Parent like no one is watching (even if EVERYONE is)
I don’t think that anyone can ever be a perfect parent and I don’t believe in parenting experts. What I do believe though, is that as parents we become experts in our own children. That doesn’t mean we don’t get it wrong, hell, we get it wrong all the time, it just means we know our children best.
It’s one thing of course to parent your children in your way in the comfort of your own home, but publicly parenting can be an entirely different matter altogether. It shouldn’t be, should it?
One of the the things I’ve learnt over the years is that some of my best parenting moments in public are the ones where I parent like no one is watching.
At some point in life we all worry what other people think of us. It’s perfectly natural, just a little annoying. When you become a parent that feeling can become magnified. The opinions, the scrutiny, the well-meaning ‘advice’ can be enough to make you want to poke hot pins in your eyes sometimes.
It can get to us. How many of you parents have been upset or a little rattled about the opinion, comment or even look that someone has thrust your way? I bet quite a few of you.
It’s not always easy. As parents we are even more susceptible to feeling sad, cross or hurt because we are so damn tired all the time – let’s face it, a good sleep makes most things feel better. If you’ve had two hours sleep and some woman at the park shoots you a look because you’ve given your two year old a Haribo in return for them putting their wellies back on – well, quite frankly, that’s enough to tip you over the edge isn’t it?
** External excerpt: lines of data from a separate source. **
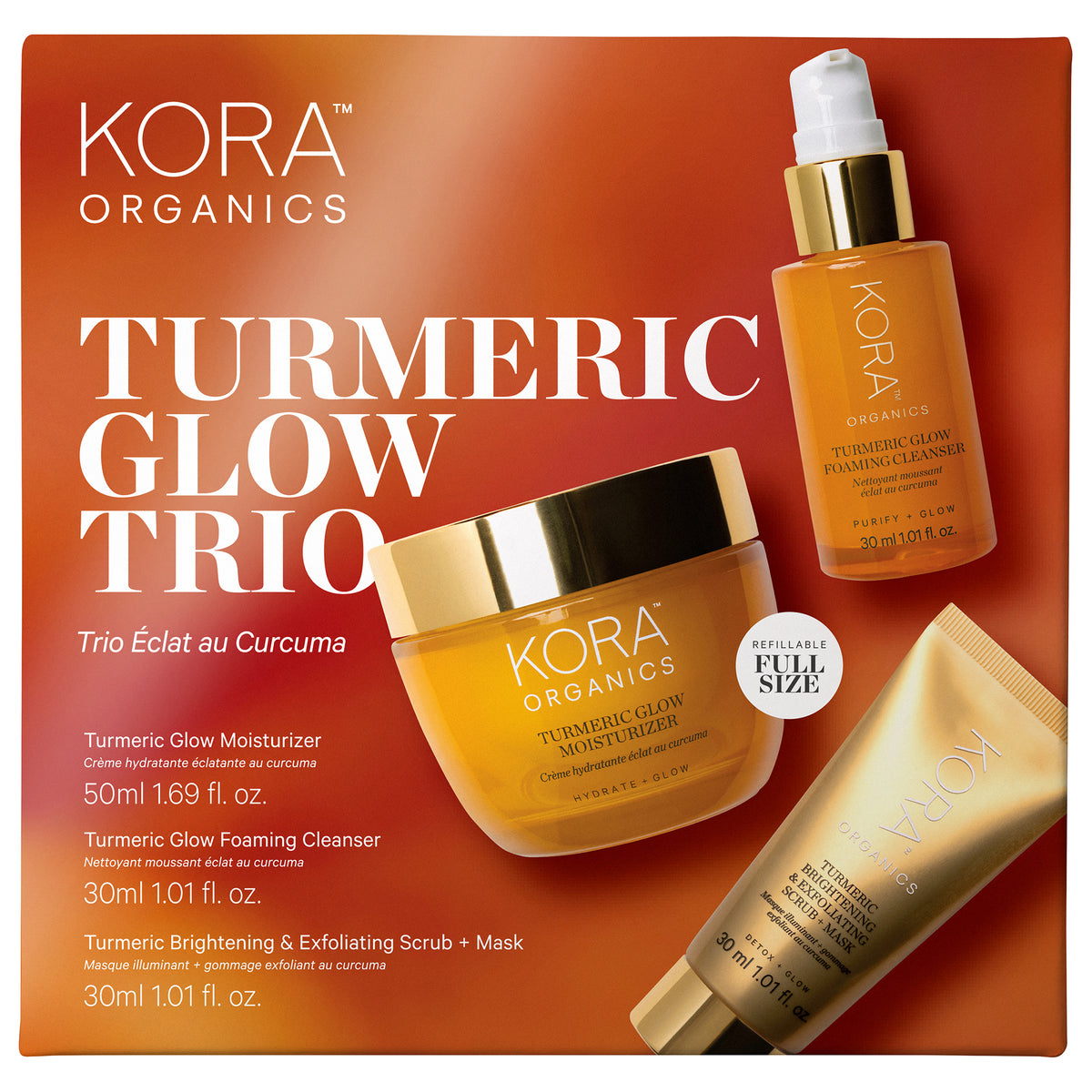 KORA Organics Turmeric Glow Trio - Limited Edition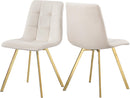 Annie Cream Velvet Dining Chair - Town Of Bargains Furniture - NY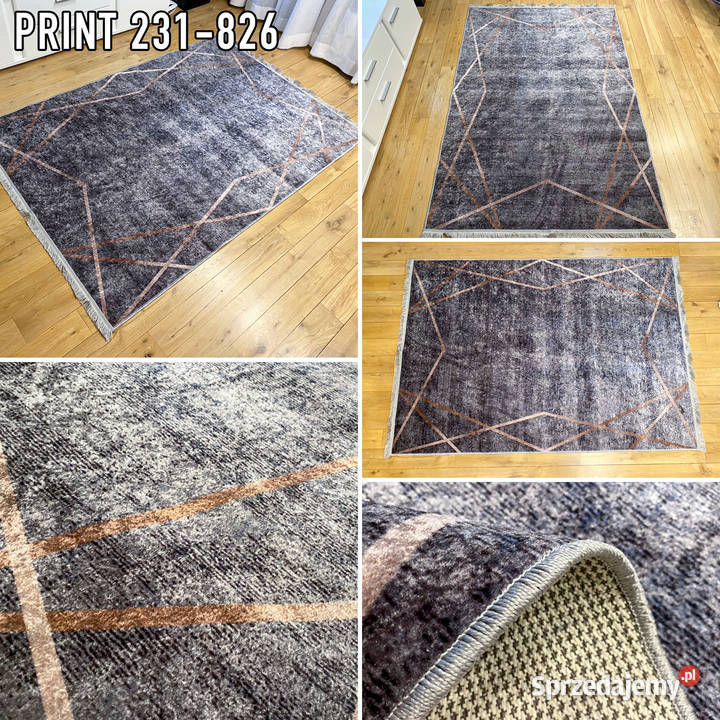 NOWOCZESNY DYWAN 130X190 PRINT 231826 CIENKI podlaskie Białystok sprzedam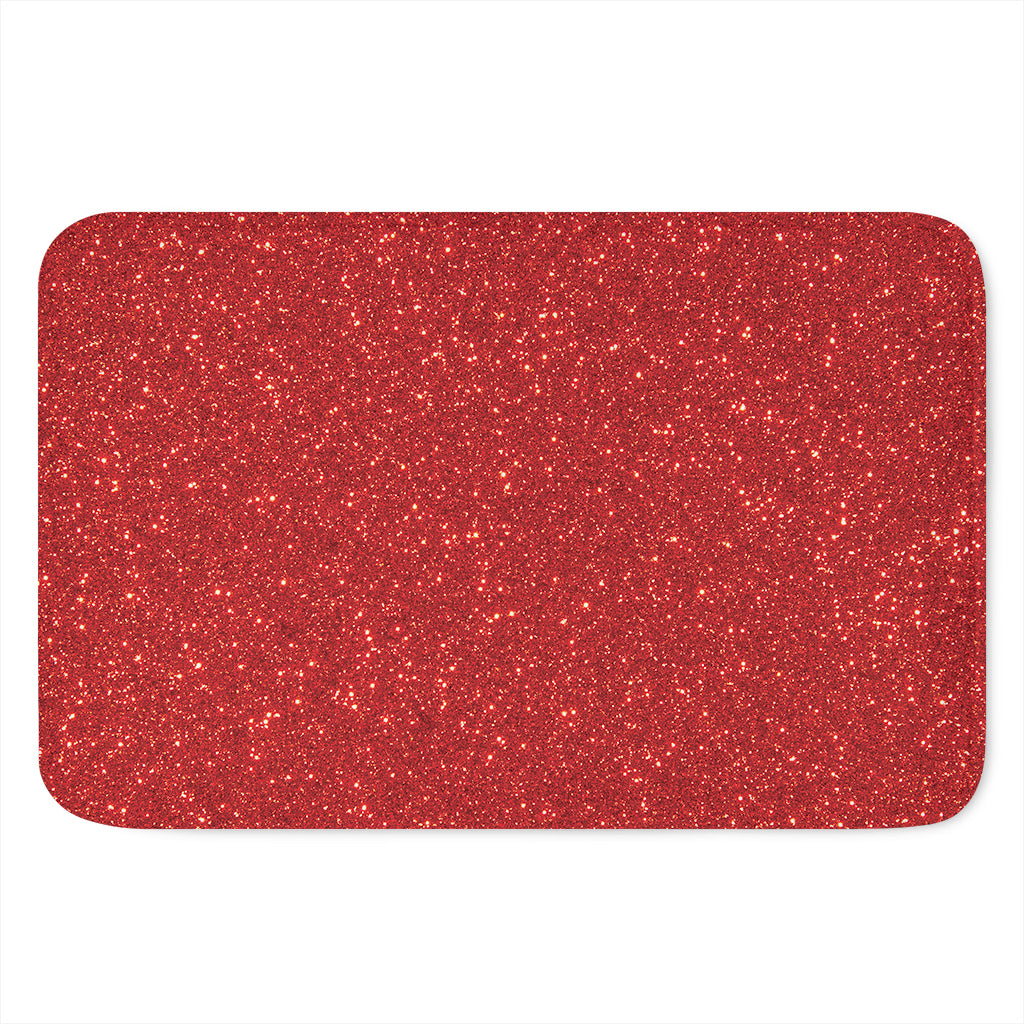 Red (NOT Real) Glitter Print Indoor Door Mat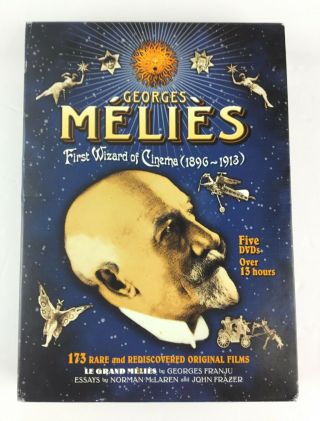 Georges Melies First Wizard Of Cinema 1896 - 1913 Dvd 5 - Disc Set Very Rare Oop Htf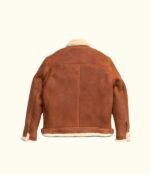 Leather Bomber Shearling Jacket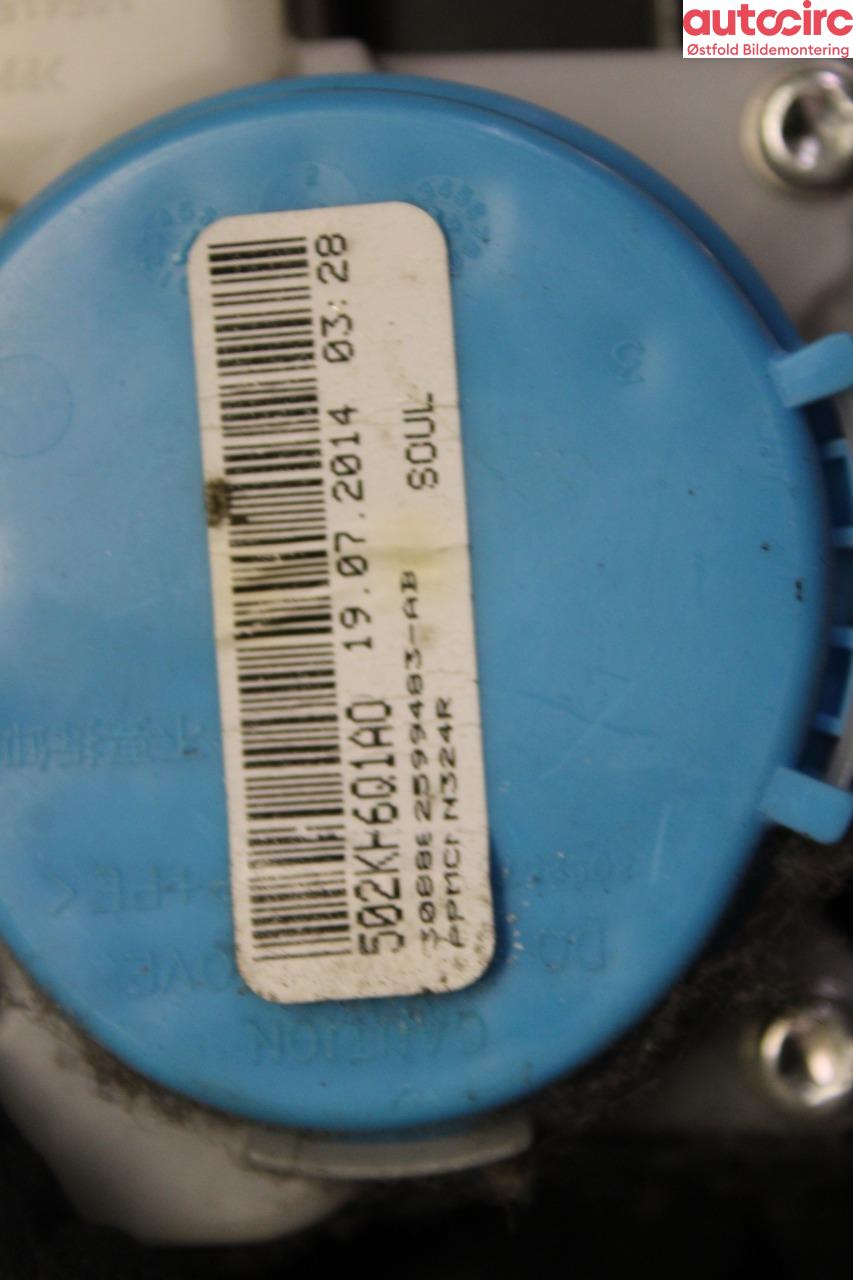 Airbag beltestrammer til Toyota Yaris 2012-2014 (Type III, Fase 1)  (4528|732200D312C0|)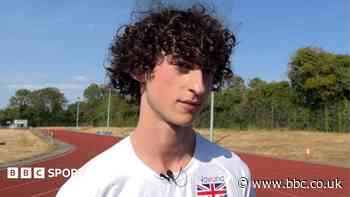 Sprinting for GB - two years after taking up sport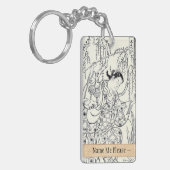 Torii Kiyomasu danst schoonheid japanese inkt Sleutelhanger (Voorkant Links)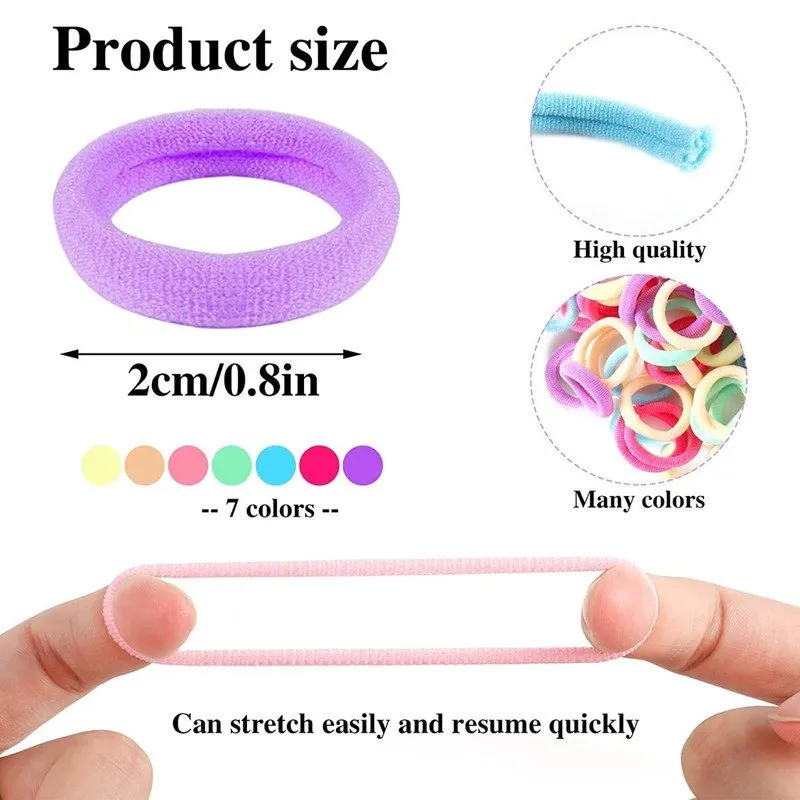Pastel Mini Hair Ties with Flower Cancy Butterfly hair Clip Set (Pack of 2, Multicolor)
The thing is, the thing I have to remind myself of all the time is this – I can’t control the way other people behave, I can only control my own response to that. I’m not responsible for these people, and neither are you!
Babies cry, babies scream, it never ceases to amaze me how much carnage these small people can create. Toddlers tantrum. Threenagers, well they are a law unto themselves, and then beyond that you will always be dealing with personality quirks, likes and dislikes and trying to navigate your way. We all get derailed from time-to-time and we all have those moments when we loose our sh*t. It happens and we move on.
News flash! It’s perfectly normal. No, not everyone can tolerate a public tantrum, but every person was once a crying baby and everyone will have had their own toddler tantrums at some point – we just don’t remember.
The thing is that where public parenting can go wrong I’ve realised is that we can get so caught up and worried about how we are being perceived, what people think of our children and what sort of parent people think we are, that we forget to actually parent our way. We end up in a situation where we adapt our parenting to an approach we feel will be considered socially acceptable – from my point of view, this is where it all goes horribly wrong.
If, as a parent you start behaving in a completely alien way towards your children when you are in public, is it any wonder they react in a negative way?
It took me quite a long time to figure this out, but now it hits me smack in the face and I flatly refuse to adopt any other approach than what my children are used to. Those approaches and systems that they respond well to and make them feel loved, safe and supported.
It’s taken me a while to realise that I have no control over strangers’ reactions towards myself and my children, or their perceptions of my parenting. Being totally direct about this, who gives a damn what other people think anyway? The only people whose opinions matter, and the only people I am responsible for, are my four children. I care about what they think of me, and how they feel when we are together. No one else, and that’s OK.
Why do we allow other people to destabilise us? What is it about the body language, words, and looks of others in public situations that can blow our faith in our own parenting ability and make us do things differently? Why do they think they know any better?
There’s no such thing as a parenting expert remember!
I don’t stand for bad behaviour, but I prefer to understand why it’s happened in the first place. I also think as parents we are able to predict meltdowns in many situations and that means we become experts in dealing with, side-lining and deflecting them. When we change our approach, that is instantly harder. Everything suddenly becomes harder to manage or contain because consistency has gone out of the window.
We are all different (thank goodness). That goes for us parents and our children of course. We differ in our views and morals, our likes and dislikes, our level of tolerance, our expectations and the things we consider important. We differ in our perceptions and generally how we live our lives.
That’s OK, that’s how it should be, these are choices we should be allowed to make for ourselves. Your family, your rules. It’s like the breastfeeding/bottle-feeding debate, your baby, your choice!
So, I guess what I’m saying is give it a go. Parent like no one is watching, even though EVERYONE probably is – and just see what happens! Even when Betty in TESCO is thrusting you a look that burns through your skin, remember that Betty doesn’t matter, your children do. If it gets so bad you can’t go back, you can always try online shopping or head to Morrison’s instead!